I sat in my desk chair and looked around my office this afternoon, perplexed. What could I sell? What would my mother do, I wondered yet again, and my eyes lit upon a pile of magazines waiting to be read. I’d been picking up these magazines everywhere I went; Half-Price Books, thrift stores, eBay, a book sale… I’d even bought one or two of them off the stands when Borders was going out of business. With articles on paper crafting and the artistic illustrations, they’d spoken to me, just as I knew they would have to my mother, which was why I picked them up in the first place. They’d reminded me of my mother. In her own way, she’d done something similar by pasting pictures that spoke to her on brown paper bag “pages” she’d hand-sewn together. Mom was making beauty out of trash long before it was the hip thing to do. She’d made little denim jumpers out of her skirts, Raggedy Ann dolls out of extra fabric, and rugs out of rags long before shabby became chic.

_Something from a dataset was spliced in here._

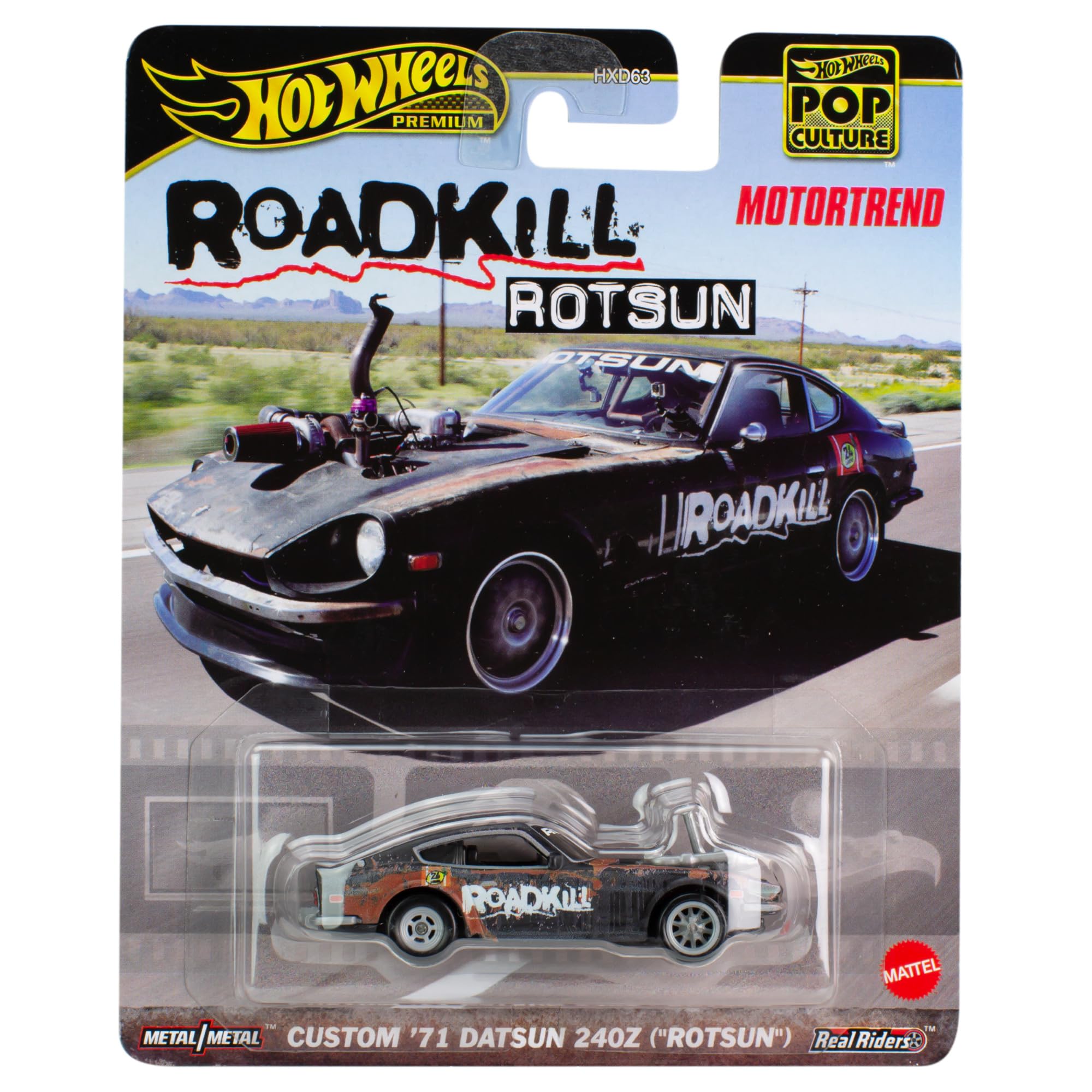 Hot Wheels Pop Culture Roadkill ROTSUN - Custom '71 Datsun 240Z (Lotsun) [Mini Car] [3 Years Old and Up] HKC37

“I could sell those,” I thought to myself. But first, I had to read them.

It took me two hours to pore through the pages of altered books, scrapbook ideas, artsy homemade cards and wall-hangings and interviews with creative people. By the time I got to the last magazine, I was just flipping through the pages. I realized something then; As much as I love paper, stickers, and rubber stamps, I wasn’t going to be making a scrapbook in the next year or two. I’d probably never make an altered book, and I’m certainly not going to be trying my hand at sewing or piecework anytime soon. Why, I could hold onto these magazines for years and they wouldn’t do anything for my quest to be more creative.

But going to the conference would.

So, there they are, in all their glory; my magazines are posted on ebay, and my own conference fund established.

And I can’t help but think my mother would have come up with a similar idea.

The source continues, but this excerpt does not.